Looking at books, turning pages and enjoying colorful photos helps develop an interest in reading.
Outside activities such as climbing, running, jumping, throwing, and catching helps develop balance and coordination.
Taking walking trips through the neighborhood, taking nature walks, and riding the bus helps develop an awareness of the larger world by using all of their senses.
It is all part of an ongoing effort to make sure that students in the first four years of formal education successfully grasp the basics that create the foundation needed to tackle more intense academics as they progress toward the 12th grade. Study after study has shown that failing to grasp reading, basic math, and such leads to students struggling to the point in upper grades they become frustrated and lose interests in education. In a bid to get them back on track it takes a lot of effort that may not succeed.
 From that standpoint programs such as the kindergarten bridge endeavor and preschool can not only increase the chances of a student’s success but also maximize the expenditure of tax dollars.
It costs in excess of $10,000 a year to educate a student.

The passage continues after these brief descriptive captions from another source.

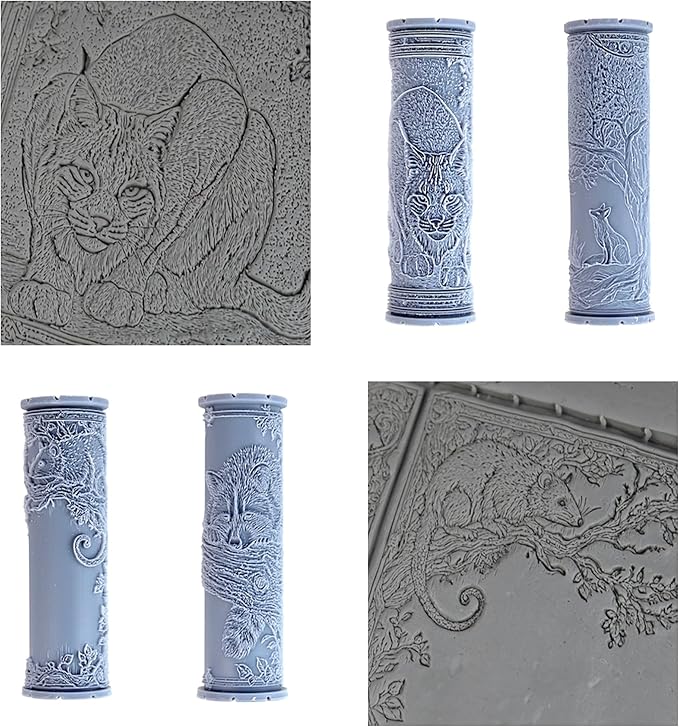 Woodland Life Collection 4-Pack Clay Texture Rollers (4") - Forest Set #01 - Embossing Pattern Rollers for Polymer & Ceramic Clay, Pottery & Crafts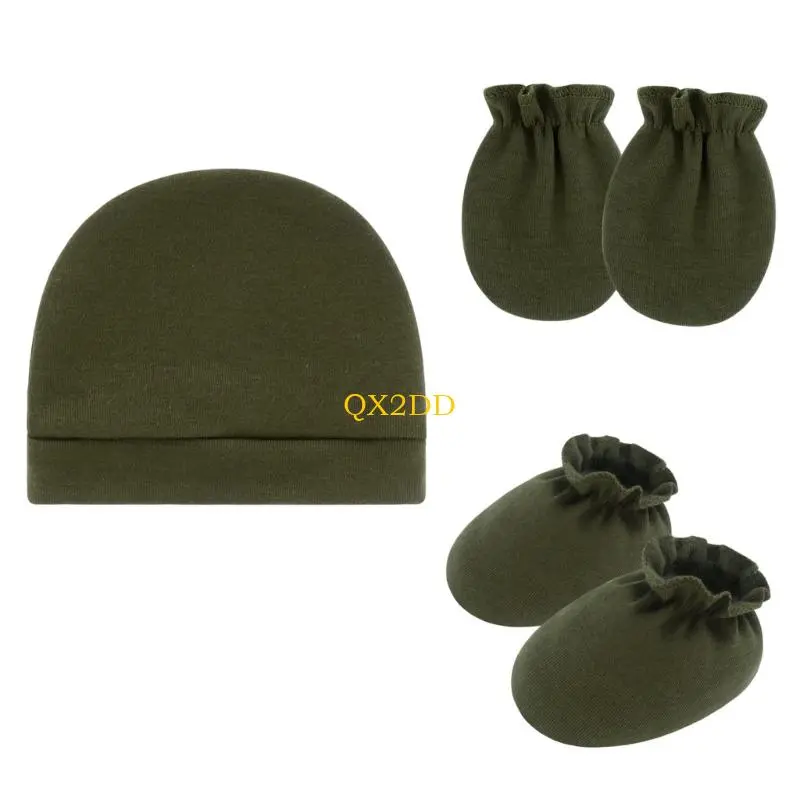 QX2D 3Pcs Infant Scratch Resistant Mittens Hat & Footie Set Breathable Cotton Gloves with Bonnet 0-6 Month Baby Essential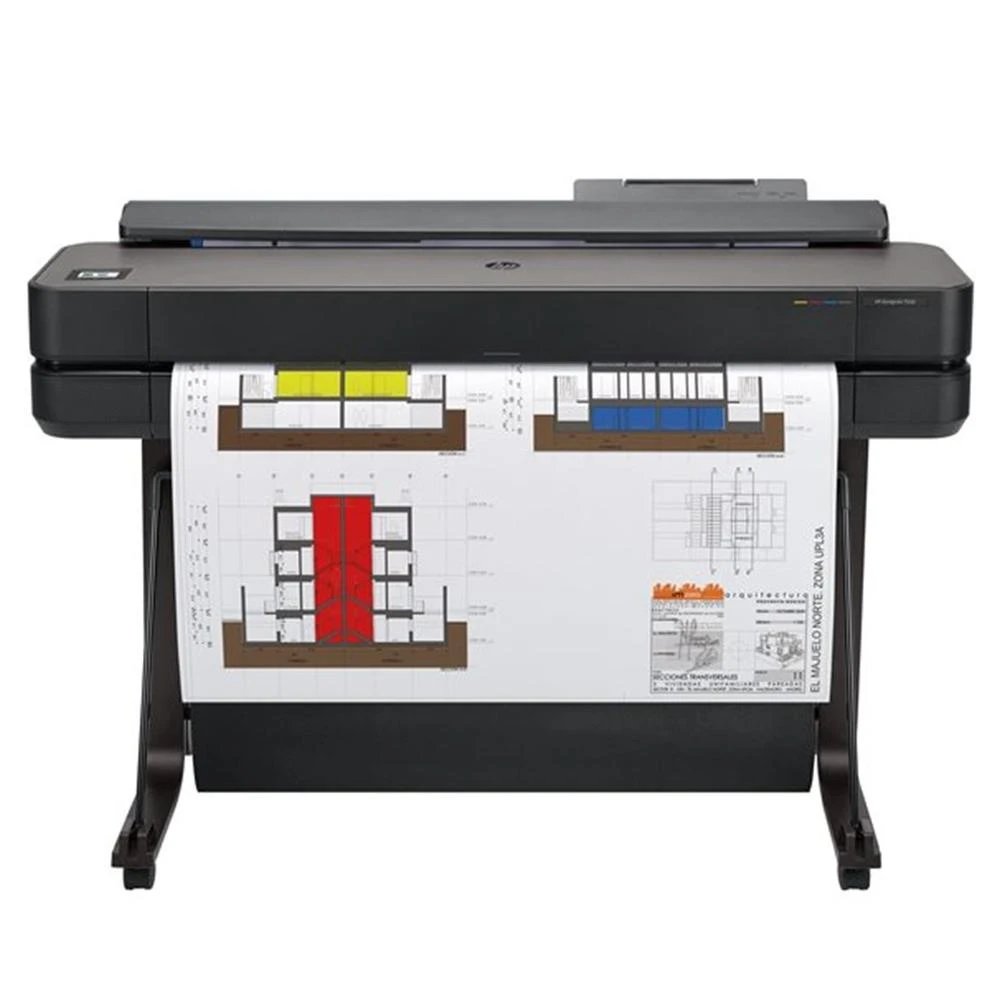 Impresora Chorro de tinta térmico HP Inkjet Hasta A0 Wifi HP 5HB10D#B19  | Hasta 0.42 minutos por página en formatos A1 y ANSI D, 2400 x 1200 PPP, Negro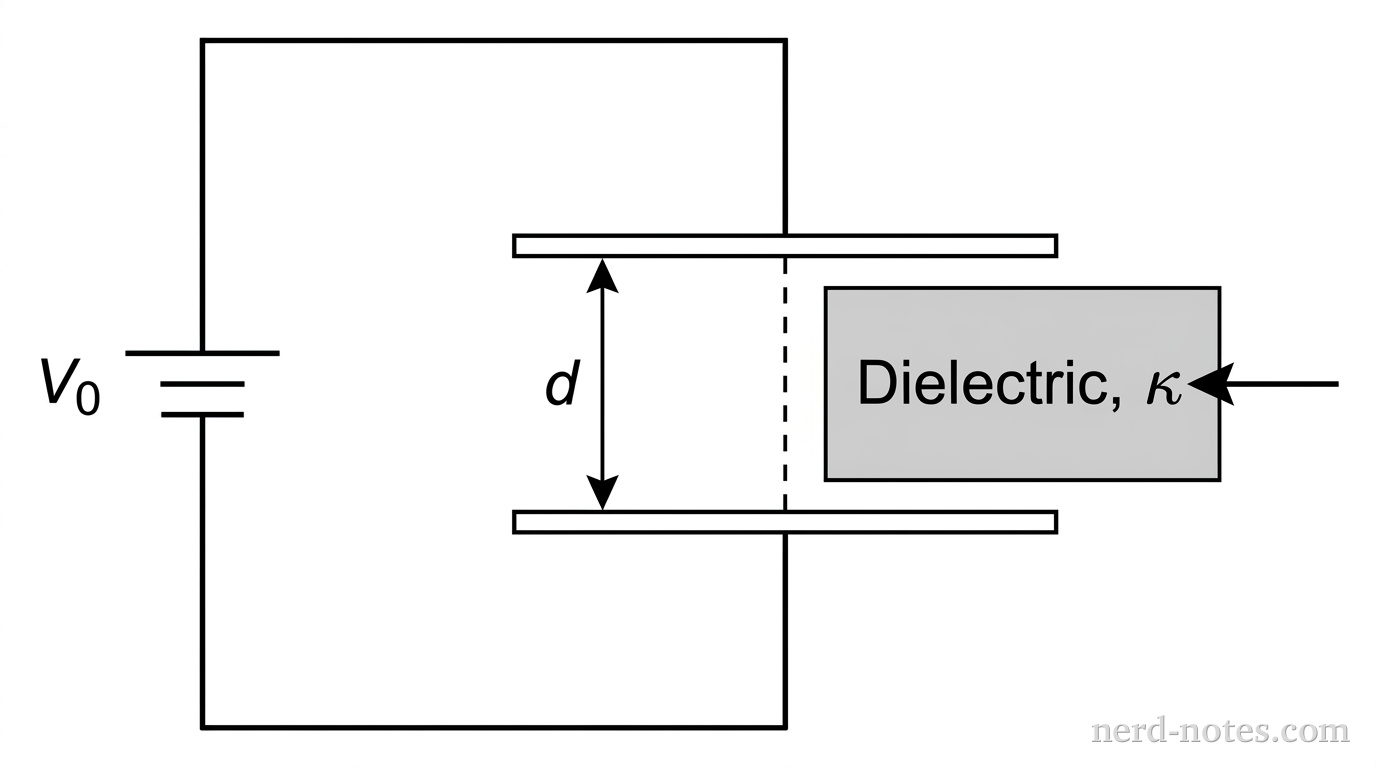 A schematic showing a DC battery with a voltage label \( V_0 \) connected by wires to a parallel-plate capacitor. The capacitor consists of two horizontal, parallel plates. To the right of the plates, a rectangular shaded block labeled 'Dielectric, \( \kappa \)' is shown partially inserted between the plates. A horizontal arrow points to the left from the right edge of the dielectric, indicating its direction of movement into the capacitor gap. Vertical dashed lines with a double-headed arrow indicate the plate separation distance \( d \). No other labels, lines, text, or axes appear.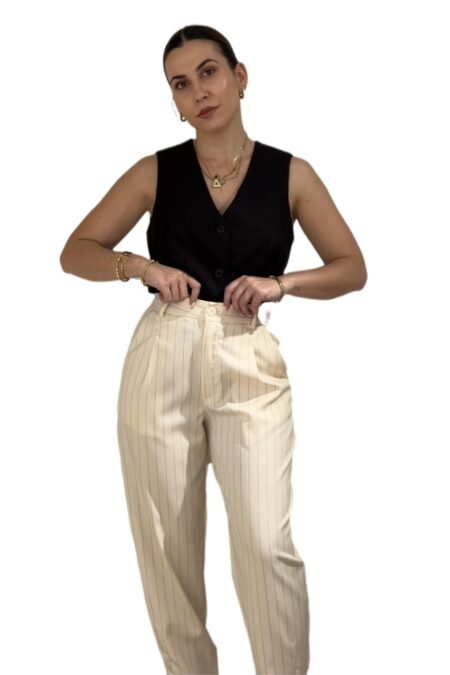 Oliana pants/New Age παντελόνι εκρού ριγέ
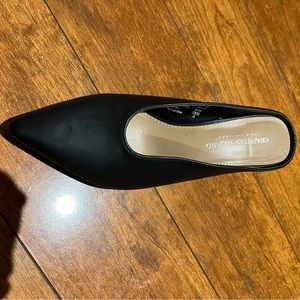 Christian Siriano, black slide heel. 7.5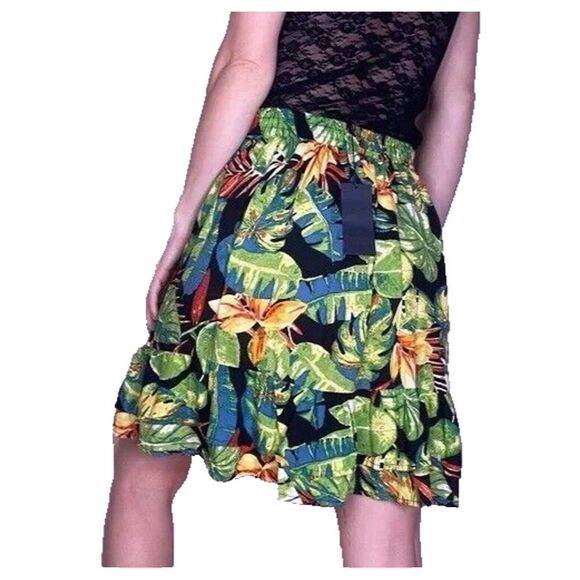 Rachel Roy X-Small Multi-Color Floral Mini Skirt Elastic Waist 2 Tier Peplum - Picture 2 of 12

By investing a fraction of that upfront not only are they ready for school but parents are engaged.
As part of the district’s school readiness program there are:
uFifteen preschool classes — 14 at district schools and one at the privately operated Kids Academy.
uHead Start is offered at Sequoia Elementary, McFall School, and Lathrop Preschool Center.
uThere are 13 transitional kindergarten classes at 10 schools.
The bridge program focusing on social emotion skills is open to all incoming kindergarten students.
It runs this year from July 23 through Aug. 1 — Monday through Friday the first week and Monday through Wednesday the second week.